Я почувствовала, как меня охватывает легкая зловредность, раздражающая и притягательная одновременно, вроде как боль в шатающемся зубе. Я зевнула, потянулась, как будто собираясь перевернуться с боку на бок, и сбила поднос на пол.
— О Господи! — Крик медсестры прозвучал, как призыв о помощи, поэтому в палату примчалась и ее напарница. — Посмотри, что ты наделала!
Я высунула голову из своего простынного панциря и поглядела на пол. Вокруг перевернутого эмалированного подноса звездочками блистали осколки разбитых градусников и ядовитой росой дрожали ртутные шарики.
— Извините, — сказала я. — Я нечаянно.
Вторая медсестра мрачно уставилась на меня:
— Ты это сделала нарочно. Я тебя застукала.
Затем она довольно поспешно вышла из палаты, и почти сразу же вслед за этим пришли двое смотрителей и покатили меня в кровати на колесиках и со всем скарбом в то помещение, где раньше пребывала миссис Моол.

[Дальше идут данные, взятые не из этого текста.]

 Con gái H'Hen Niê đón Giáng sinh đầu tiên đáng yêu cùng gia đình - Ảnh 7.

Но перед тем я ухитрилась прихватить шарик ртути.
Вскоре после того, как они, заперев меня, ушли, я увидела в зарешеченном оконце на двери физиономию негра, цвета черной патоки, но притворилась, будто ничего не заметила.
Я чуть приоткрыла кулачок, как ребенок, играющий со своею тайной, и полюбовалась на серебряный шарик, перекатывающийся по ладони. Стоит мне уронить его, и он разобьется на миллион своих собственных точных копий. Но если собрать их вновь, они сольются в точно такой же шар, каким были прежде.

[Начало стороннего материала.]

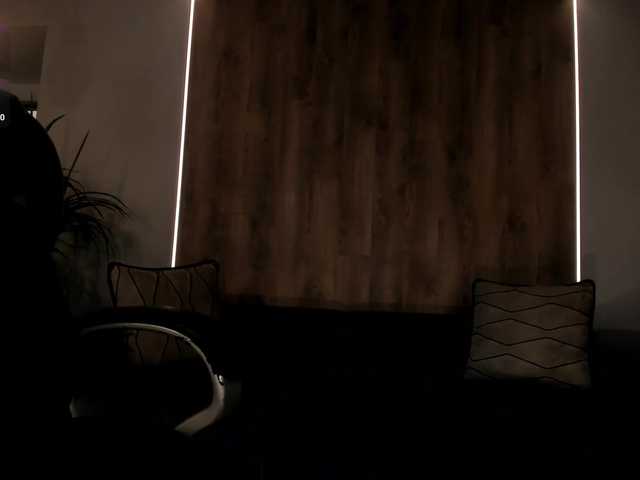 AbellaCroft's BongaCams show and profile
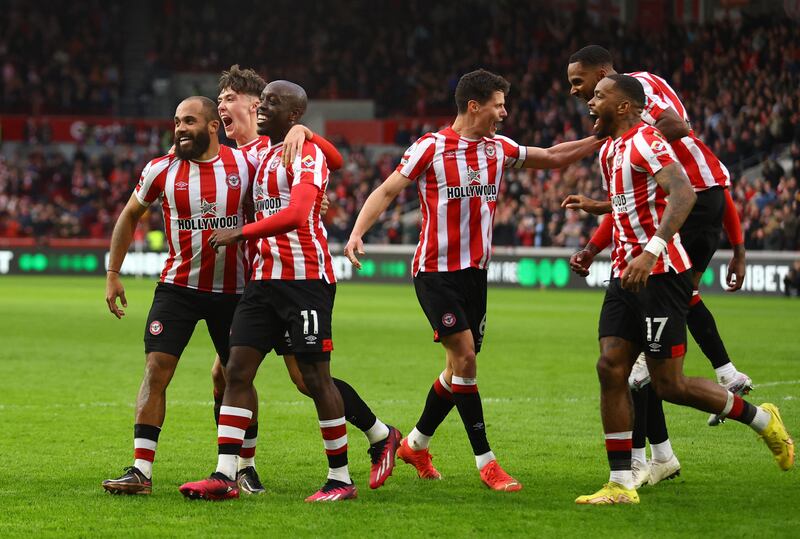 Arsenal v Brentford (7pm): The Gunners remain five points clear at the top, despite last week's shock defeat at Everton, which was only their second league loss of season. They now face a Brentford side seventh in the table and unbeaten in the since October 23. Prediction: Arsenal 3 Brentford 1. Reuters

Я любовалась, и любовалась, и любовалась им.
Я не могла представить себе, как они сумели разобраться с миссис Моол.
Черный лимузин Филомены Гвинеа скользил по переполненным транспортом в пять часов вечера улицам, как церемониальный экипаж. Уже оставалось ждать совсем недолго: скоро мы въедем на один из коротких мостов, перекинутых через реку, и я без раздумий открою дверцу, вырвусь наружу и, огибая машины, рванусь к парапету моста. Прыжок — и воды сомкнутся над моей головой.
Машинально рвала я в клочья бумажную салфетку, стараясь не упустить своего шанса. Я находилась на заднем сиденье посередине: с одного боку была мать, а с другого — брат, и оба сидели чуть наклонясь вперед, образуя своими телами диагональные барьеры между мной и соответственно обеими дверцами.

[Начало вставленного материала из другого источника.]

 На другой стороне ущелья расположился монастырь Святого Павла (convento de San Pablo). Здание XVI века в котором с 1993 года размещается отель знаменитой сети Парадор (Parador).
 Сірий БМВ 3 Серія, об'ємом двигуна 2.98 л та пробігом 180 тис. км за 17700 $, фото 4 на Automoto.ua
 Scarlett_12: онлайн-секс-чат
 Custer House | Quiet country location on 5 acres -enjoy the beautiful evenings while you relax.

Прямо перед собой я видела налившуюся кровью шею водителя, казавшуюся куском ветчины, зажатым двумя половинками синей булочки — синей кепкой и воротником синей джинсовой куртки, — а рядом с ним, подобно хрупкой экзотической птице на своей веточке, восседала знаменитая писательница Филомена Гвинеа. Ее серебряно-седые волосы были увенчаны шляпкой с изумрудного цвета пером.
Я не могла взять в толк, чего это миссис Гвинеа полезла в мое дело. Единственное, что мне было известно, заключалось в ее внезапном интересе ко мне и в том, что она сама на вершине своей литературной славы ухитрилась однажды угодить в дурдом.
Мать сообщила мне, что миссис Гвинеа прислала ей телеграмму с Багамских островов, там она прочитала обо мне в бостонской газете. В телеграмме был задан вопрос: «Замешан ли в это дело какой-нибудь юноша?»
Если бы в это дело оказался замешан какой-нибудь юноша, миссис Гвинеа, разумеется, и палец о палец бы не ударила.
Однако моя мать телеграфировала ей в ответ: «Нет, все дело в ее писательстве. Эстер считает, что никогда больше ничего не сможет написать».
И тогда миссис Гвинеа прилетела с Богамских островов в Бостон, выцарапала меня из чудовищной городской больницы и сейчас везла в «изумительную» частную клинику, в которой был сад с аллеями и лужайки для игры в гольф, как в настоящем загородном клубе, и куда она собиралась поместить меня за свой собственный счет — так, словно я получила от нее стипендию, — до тех пор, пока доктора, с которыми она была превосходно знакома, не приведут меня в полный порядок.